→ **ABOUT THIS EXERCISE**: What you should give back is a precise copy of the lines below from the one containing "ارتفاع عدد ضحايا" through the one containing "XR Brands - Master", with no pictures.

→ **DATA FOR THE TASK**:
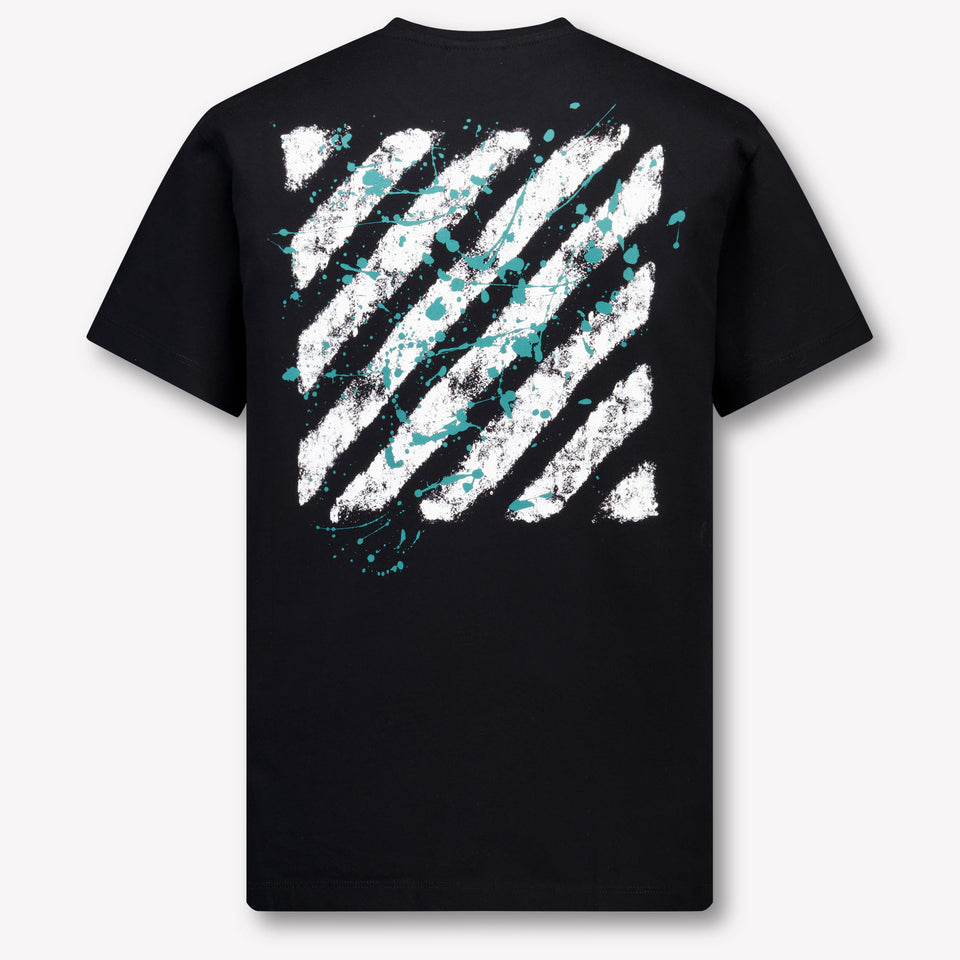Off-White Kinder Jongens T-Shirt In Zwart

...

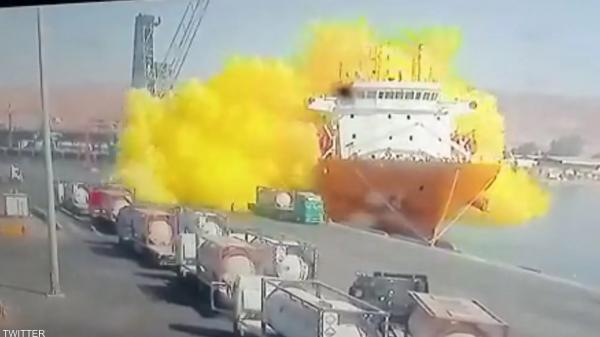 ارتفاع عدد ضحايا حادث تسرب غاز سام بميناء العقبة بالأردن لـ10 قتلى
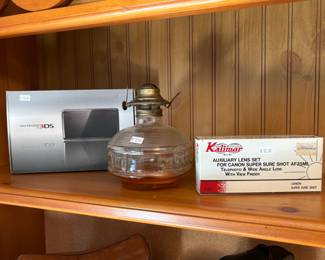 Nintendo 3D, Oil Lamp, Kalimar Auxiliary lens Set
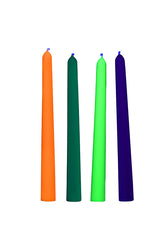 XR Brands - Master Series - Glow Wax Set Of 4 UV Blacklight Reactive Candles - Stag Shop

==

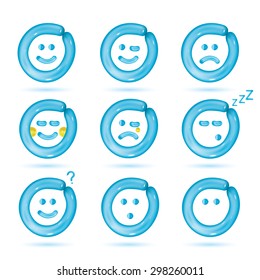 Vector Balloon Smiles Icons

→ **OUTPUT**:
 ارتفاع عدد ضحايا حادث تسرب غاز سام بميناء العقبة بالأردن لـ10 قتلى
 Nintendo 3D, Oil Lamp, Kalimar Auxiliary lens Set
 XR Brands - Master Series - Glow Wax Set Of 4 UV Blacklight Reactive Candles - Stag Shop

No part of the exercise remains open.